Len lunged in for the tackle just a fraction too late, just a fraction too high - and that's what started it all, that's what kicked it all off. He'd got carried away in the heat of the fray. He'd meant no harm: no spite, no malice, nothing sly. But he'd hurt the Ellis Street captain's pride. Now the rest of his side were after him: Len would have to pay.
  A few moments later Len was up-ended, stud marks on his leg, but the ref didn't see and waved play on. Len staggered back up, back on to his feet, just trying to stay out of the way. But his mates had seen what happened: by now tempers were running high. Insults were unbuttoned, fists began to fly. The ref stopped play, lined the culprits up and ordered them off the pitch. At first they refused to go, but when they did the fracas continued on the touchline; trainers and spectators wading in - half urging them on, half trying to prise them apart.
  The referee glanced at his watch and blew a long piercing blast on his whistle with over ten minutes to go. Hardly anyone heard it: half the rest of the players had already left the pitch to join in the general mêlée.
  Len stood alone and dejected in the middle of the centre circle, his red and black shirt cascading loose from his shorts nearly down to his bruised and muddied knees. He'd wanted so much to play in this match, Chapel End's crucial game in the Boys' league against local rivals Ellis Street. He'd got his chance when Colin, their regular centre-half, went down with a dose of flu. Len was small but determined: maybe too determined. He stood now, cuffs flapping over his knuckles, watching as the unseemly scuffle continued off the pitch and all the way back to the makeshift changing rooms.
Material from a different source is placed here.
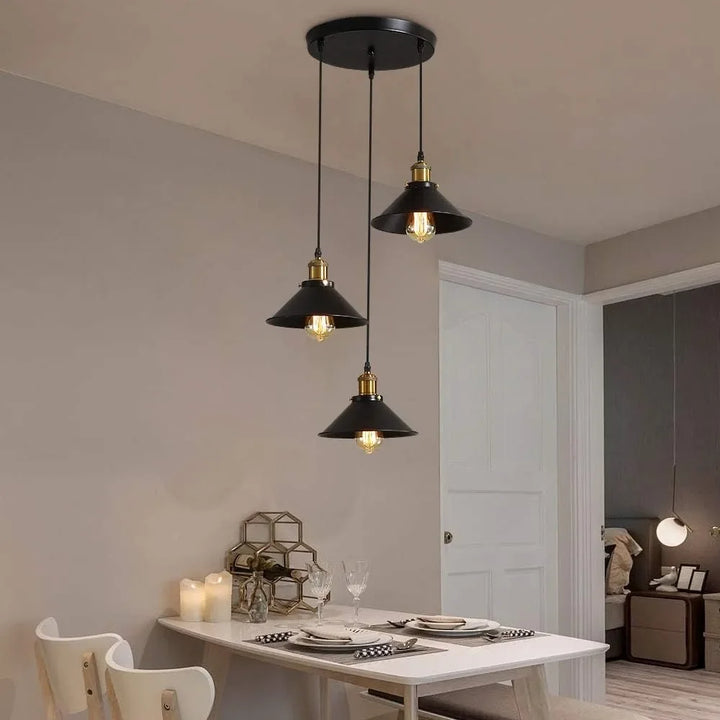 JOYINLED Industrial Chandelier Vintage Retro Black Pendant Light Shade Loft Iron Umbrella Kitchen Bar Hanging Ceiling Light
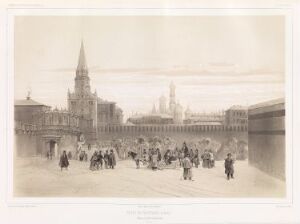  Lithograph titled "Havnen Troïtskaia (Treenigheten) i Moskva 15 desember 1840 (Russland)" by Barthélémy Lauvergne, showing a historical winter scene at the Trinity Harbor in Moscow with figures in 19th-century attire and Russian architecture in the background.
  'It's all my fault,' he muttered. 'That clumsy tackle when I caught his too late - that's what kicked it all off.'

  '...That's what kicked it all off.'
  Len's mother looked at the state of his father as she bathed his bloodied nose, head back in the chair. More punch-drunk than drunk, his words slurred with excitement as he recounted how the Ellis Street men had all been waiting as they tumbled out of the pub. Fathers, uncles, all the cousins of the lads who'd played out that afternoon's match. Some had been there, others had been roped in as the news of the set-to spread through the maze of alleyways that linked the terraced houses and the tenement blocks. They came to settle old scores that had been simmering since they were boys. They came because they'd seen their own boys battling with the Chapel End lot. They came out of honour and excitement to rack out old grudges and hatred: gunpowder, treason, and plot.

  The twilight sky exploded with over-eager fireworks ignited too early as Len pulled the front door shut behind him and set off down the length of the redbrick terraced street. Every window seemed to watch him as if he were emerging from the player's tunnel and stepping out on to the pitch. He tried to strut, he tried to stride as he reached the alley halfway along: but inside he jittered like a jumping jack as he plunged through the gloom of the lonely back jigger, weaving his way between unlit lamp-posts and overflowing rubbish sacks, zigzagging past packing cases and stagnant puddles.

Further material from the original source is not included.